Le respect du client se mesure-il désormais à l'aune de l'accroissement de nos ventes ou à celui corrélatif, mais exponentiel, de ses réclamations ? La question vaut la peine d'être posée et la formuler c'est déjà y répondre. Nous voulons évoquer évidemment lintérêt bien compris du client, de sa satisfaction, de la confiance réciproque. Qu'est devenu l'ami financier d'autrefois ?
Par ailleurs, la concentration excessive des pouvoirs aux échelons supérieurs (CNCE et Directoire) ne satisfait pas les règles fondamentales de notre jeune statut coopératif et de la bonne gouvernance d'entreprise qui devrait en découler. Dans ce dispositif subi de plein fouet par les salariés et nos clients, l'individualisation exacerbée du contrat de travail, la décision unilatérale, sont désormais devenus les lieux communs de l'argumentation patronale. À FO, nous le condamnons car c'est la porte ouverte à tous les excès. D'un côté, le pouvoir de l'employeur qui se veut aujourd'hui régalien. De l'autre, des recours par tribunaux interposés en cours, ou à prévoir, car le simple respect de la loi pose manifestement un problème à notre Directoire.

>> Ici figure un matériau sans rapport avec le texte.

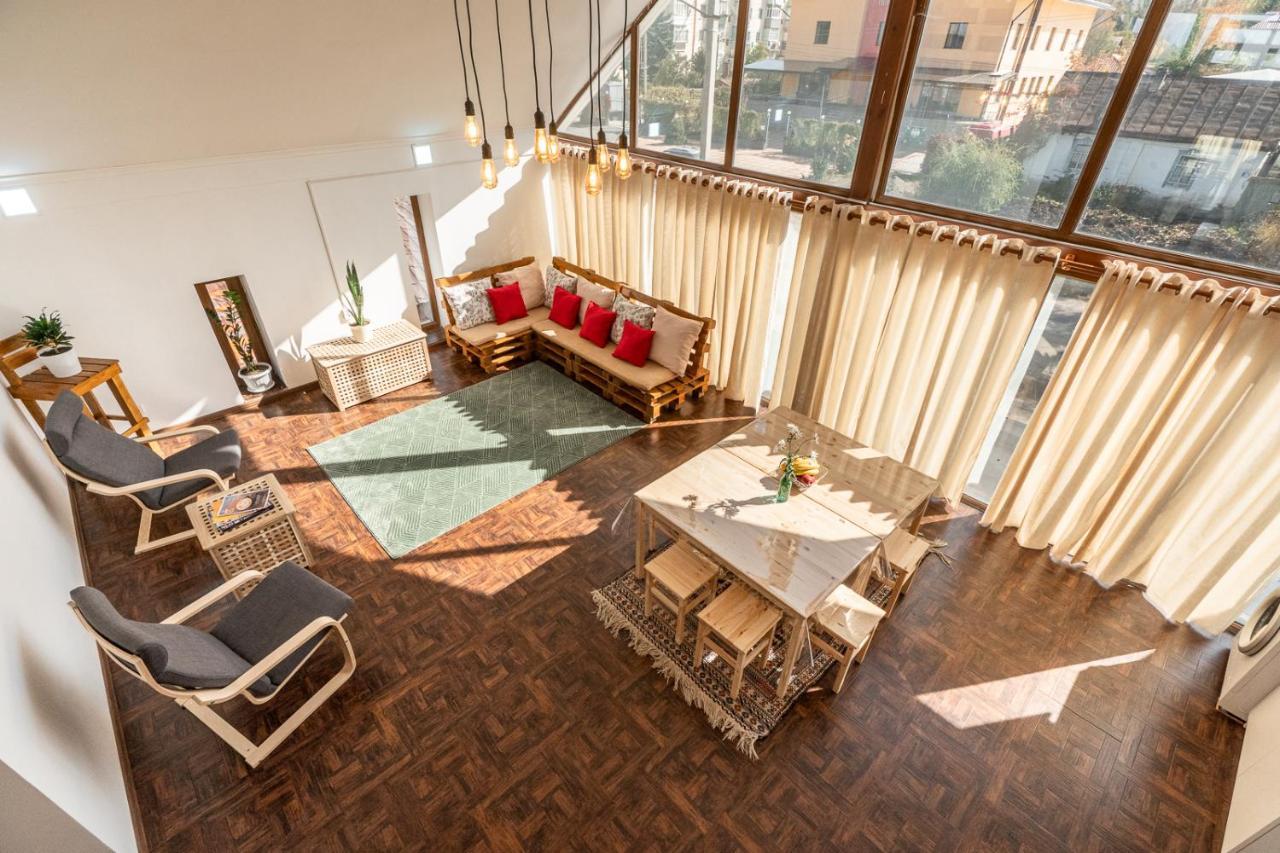 Hostel Modern Loft Lighthouse Karakol Exterior foto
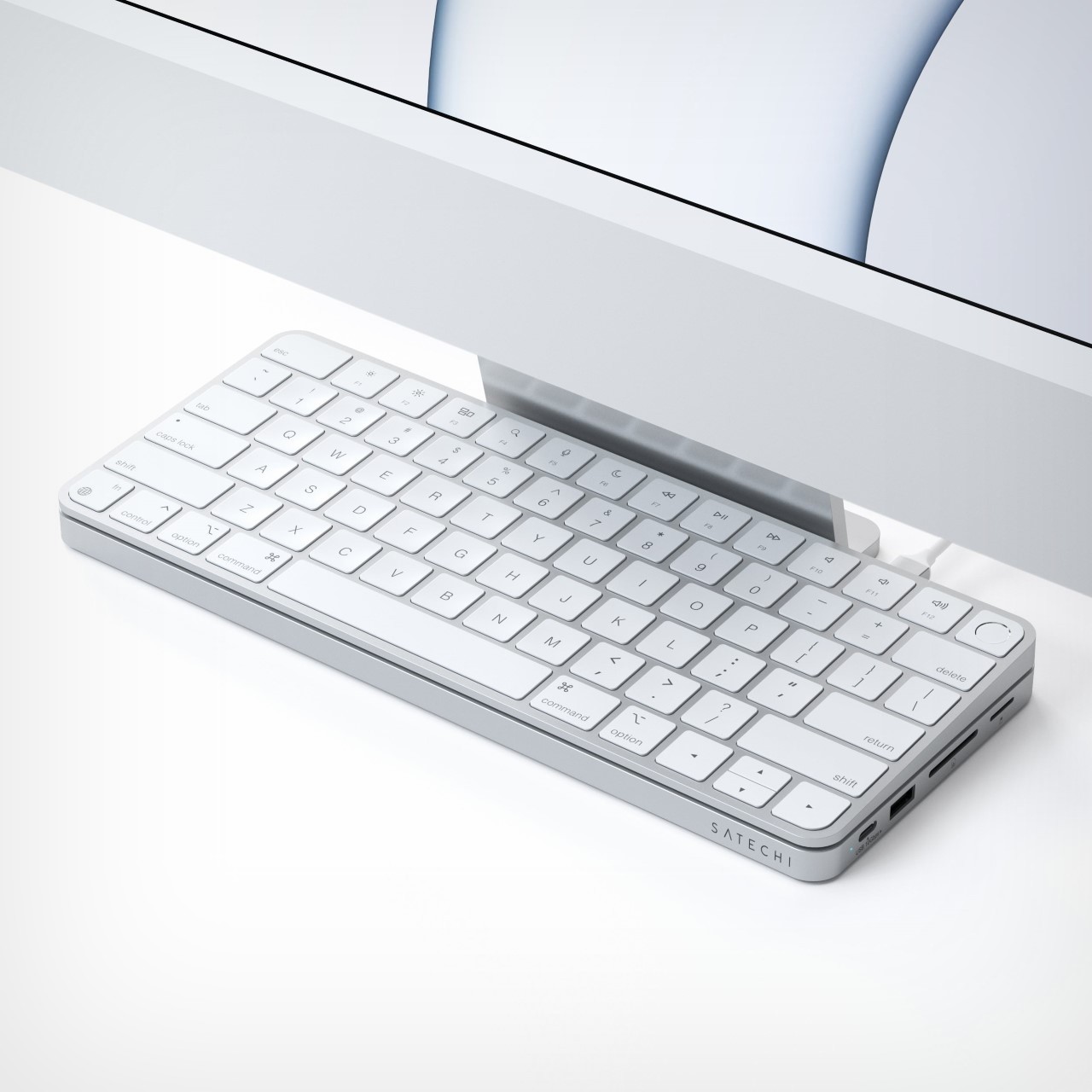 Digital accessories，port，Storage space，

En filigrane, le rôle des syndicats et des instances représentatives du Personnel réduit à la portion congrue en raison du comportement de nos actuels dirigeants.
Puisque notre direction, sous l'impulsion de Jean Merelle, persiste en cette voie, désormais ce sont nos avocats qui prennent le relais. À FO, nous ne le souhaitions pas. Mais, la 1re organisation syndicale représentative peut-elle tolérer que le Droit du Travail soit ainsi foulé aux pieds ? Non, évidemment !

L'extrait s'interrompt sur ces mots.